With the “fiscal cliff” looming, and varying predictions of the likely outcome, many nonprofits and their donors may be frozen. But inaction is not the right strategy. So what can you do to be positioned for any of the possible outcomes? Here are our suggestions.
What To Do Before the End of Year
- Don’t sit and wait. Communicate to your current and former donors. Remind them of the important work you do and its impact on those you serve.
- Encourage all donors to consider a gift prior to year-end, while the tax benefits are assured.
- If you have donors who are committed to multi-year pledges, encourage them to make additional payments before the end of the year, while the tax benefits are assured.

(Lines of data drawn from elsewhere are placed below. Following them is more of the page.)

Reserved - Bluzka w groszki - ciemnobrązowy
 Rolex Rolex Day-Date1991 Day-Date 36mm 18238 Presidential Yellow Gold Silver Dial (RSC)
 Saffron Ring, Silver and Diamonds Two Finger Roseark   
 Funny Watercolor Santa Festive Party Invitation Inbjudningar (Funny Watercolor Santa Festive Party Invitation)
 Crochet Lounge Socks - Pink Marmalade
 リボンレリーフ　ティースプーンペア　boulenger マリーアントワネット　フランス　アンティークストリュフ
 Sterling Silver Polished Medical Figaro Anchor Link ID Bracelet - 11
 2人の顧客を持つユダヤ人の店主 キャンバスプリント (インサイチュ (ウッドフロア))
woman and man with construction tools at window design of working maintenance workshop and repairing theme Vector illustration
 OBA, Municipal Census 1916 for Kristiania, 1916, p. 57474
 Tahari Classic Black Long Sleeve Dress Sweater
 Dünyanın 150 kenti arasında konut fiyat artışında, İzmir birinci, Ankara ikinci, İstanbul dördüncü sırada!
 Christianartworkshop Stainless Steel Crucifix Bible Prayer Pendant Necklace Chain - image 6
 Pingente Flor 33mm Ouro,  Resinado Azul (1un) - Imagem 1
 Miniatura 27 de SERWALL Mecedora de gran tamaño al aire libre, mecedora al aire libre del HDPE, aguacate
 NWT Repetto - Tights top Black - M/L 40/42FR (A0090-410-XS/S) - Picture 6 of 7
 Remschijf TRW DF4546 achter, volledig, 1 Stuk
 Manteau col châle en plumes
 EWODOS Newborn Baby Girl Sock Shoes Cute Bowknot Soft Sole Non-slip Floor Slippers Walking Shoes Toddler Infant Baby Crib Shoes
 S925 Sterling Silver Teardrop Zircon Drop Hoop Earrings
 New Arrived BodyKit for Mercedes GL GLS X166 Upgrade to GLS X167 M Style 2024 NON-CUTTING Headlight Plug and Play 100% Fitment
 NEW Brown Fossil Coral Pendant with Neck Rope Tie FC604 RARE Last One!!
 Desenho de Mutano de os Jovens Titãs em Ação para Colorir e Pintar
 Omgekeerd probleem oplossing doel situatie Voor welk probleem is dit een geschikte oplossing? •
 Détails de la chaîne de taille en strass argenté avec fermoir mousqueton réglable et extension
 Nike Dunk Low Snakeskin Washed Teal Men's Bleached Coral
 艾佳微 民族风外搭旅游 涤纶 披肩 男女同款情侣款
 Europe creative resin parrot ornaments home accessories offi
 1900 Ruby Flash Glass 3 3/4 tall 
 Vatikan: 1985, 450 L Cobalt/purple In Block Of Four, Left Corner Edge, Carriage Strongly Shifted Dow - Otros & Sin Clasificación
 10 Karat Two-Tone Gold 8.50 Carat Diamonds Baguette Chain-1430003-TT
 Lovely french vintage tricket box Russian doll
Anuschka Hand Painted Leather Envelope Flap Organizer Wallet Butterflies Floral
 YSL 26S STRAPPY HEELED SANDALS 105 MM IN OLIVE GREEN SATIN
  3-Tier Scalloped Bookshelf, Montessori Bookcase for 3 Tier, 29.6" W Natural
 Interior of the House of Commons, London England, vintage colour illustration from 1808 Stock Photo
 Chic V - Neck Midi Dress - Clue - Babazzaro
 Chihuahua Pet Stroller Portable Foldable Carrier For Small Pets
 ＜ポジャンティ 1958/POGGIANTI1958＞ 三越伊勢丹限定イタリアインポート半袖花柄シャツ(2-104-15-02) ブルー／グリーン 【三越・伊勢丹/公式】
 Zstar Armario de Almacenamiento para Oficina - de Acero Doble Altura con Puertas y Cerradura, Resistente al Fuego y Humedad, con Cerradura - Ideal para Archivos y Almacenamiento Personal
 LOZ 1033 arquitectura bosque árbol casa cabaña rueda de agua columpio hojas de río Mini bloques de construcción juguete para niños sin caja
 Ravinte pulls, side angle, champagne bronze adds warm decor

- If you are working with key volunteers who are involved in “deal making”–like developers, attorneys, financial advisors, or venture capitalists—understand that they may be sprinting to finalize deals in 2012. They’re unlikely to attend meetings or answer your calls–because they are busy, not because they’ve stopped loving the organization.
- The rush to give may reach flood stage toward the end of the month. Be sure you have adequate staff to process the gifts that may come in on the final days of the month.
- Donors who want to make charitable gifts in 2012, but haven’t determined which charities to support, may be placing their resources in donor advised funds. Be sure you have open channels of communication to your local community foundation.
- Some scenarios may provide even greater incentives for donors to consider planned gifts in 2013 and beyond. Now is a good time to make sure that your legacy society and/or planned giving program is poised to take advantage.
- Focus on messages of abundance–of ideas, resources, plans, people, commitment, giving—rather than scarcity.